Except he gets there too early. The ballpark is deserted when Weiner rolls up. But from the stadium steps, he can see a ferry approaching from Manhattan. Weiner’s off to the terminal, where he spends fifteen minutes intercepting ferry passengers. That crowd dissipated, Weiner jumps back in the car. He passed a Western Beef on the way here; there must be people in the supermarket! Then, 30 minutes later, it’s back to the ballpark/opera house.

Weiner is about to bound through the stadium gates when a security guard, looking very Reno 911 in shorts and badge, blocks his path. No passing out literature in the ballpark, the guard tells the congressman. “Isn’t this a city facility?” Weiner parries, before giving in: Okay, he’ll just talk to people. Which the guard doesn’t realize is a losing compromise. Literature, shmiterature: The only way to hurt Weiner is to stop him from talking.

Anthony Weiner, tied for last in the polls, is learning that there's a fine line between cracking jokes and becoming one.

Weiner is the mayoral candidate who genuinely seems to enjoy people, and he has a quip for every moment. The congressman is a prolific proposer of new government policies, but tonight is purely for shtick. A black woman complains that, unlike free concerts in every other city park, she wasn’t allowed to bring in food. “Girlfriend, you gotta elect me mayor so I can change that!” Weiner says. A 6-year-old boy asks if Weiner is a school principal. “No, but I make a lot of rules!” Weiner says. “Tell your mom you met me and I seem like a nice fella.”

He strides down the stadium aisle to the seats behind home plate, which are shielded from the field by a net; the orchestra is set up behind second base. “Folks, we have a few safety announcements about tonight’s opera!” he yells to the patrons. “There’s a lot of foul balls in this concert!”

Two women are sitting behind Weiner, watching him tummel. “Who does he look like?” asks the first. “That guy on M*A*S*H! What’s his name? Corporal Klinger!”

“Jamie Farr!” cackles her companion. “You’re right!”

Charging back up the aisle, Weiner talks about education with a vice-principal from his alma mater, Brooklyn Tech; encounters two women who are clients of Weiner’s lawyer father; hollers “My mishpocheh!” when he sees the driver’s license of another man named Weiner. “Help me get through college!” hollers Matt, a beer vendor. “I go to Mount Saint Vincent, and I’m gonna be a teacher.”

“Dude, you don’t know how much I want a beer right now,” Weiner says, laughing and starting to walk away. Then he stops. “You’re going to be a teacher? Call me up when I’m mayor and you got a job!” Then Weiner buys a Miller Genuine Draft.
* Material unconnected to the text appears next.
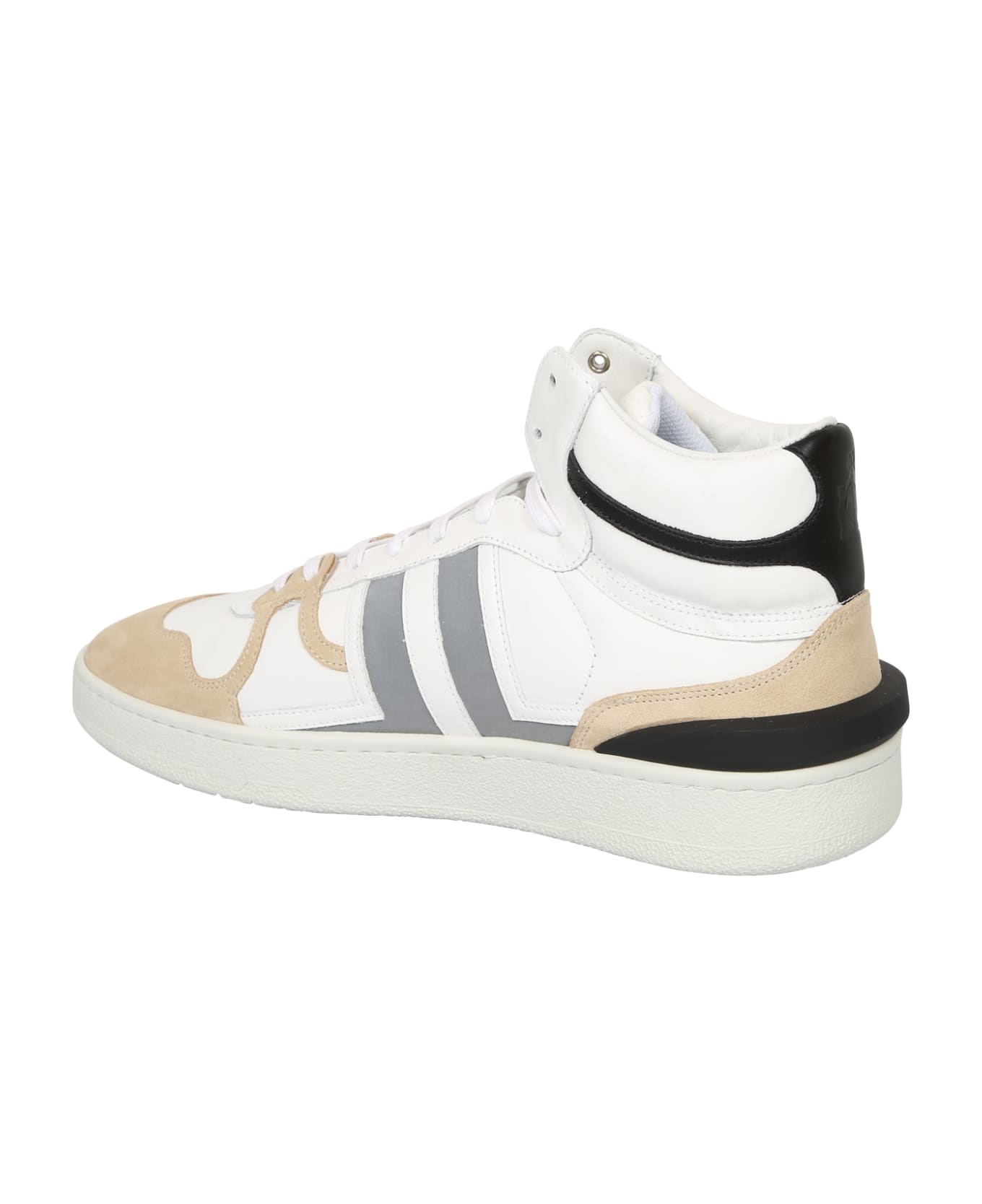 Sneakers High Top Clay Bia/arg - 3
As he dashes around the five boroughs, Weiner is seeing that there’s a fine line between cracking jokes and becoming one. Unless he climbs out of a tie for last place in the polls soon, his challenge is to build name recognition and positive feeling for a possible 2009 run. The risk is that Weiner will be remembered as an also-ran whose greatest contribution this time around was comic relief.
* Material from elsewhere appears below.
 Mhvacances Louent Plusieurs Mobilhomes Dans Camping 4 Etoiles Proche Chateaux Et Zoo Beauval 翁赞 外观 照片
“The four of us Democrats are going through the same things, and we’re all trying to beat Bloomberg, so we have that bond, but we’re trying to beat one another, too,” Weiner says, slowing down for one minute. “So the four people who understand best what this is like are not friends. It’s actually a lonely thing, running for mayor.”

Out past left field, the sun is setting gold and orange into New York Harbor. A tenor is gliding into a gorgeous aria. But Anthony Weiner’s beer bottle is empty. He’s off to Rockaway, searching for more hands to shake.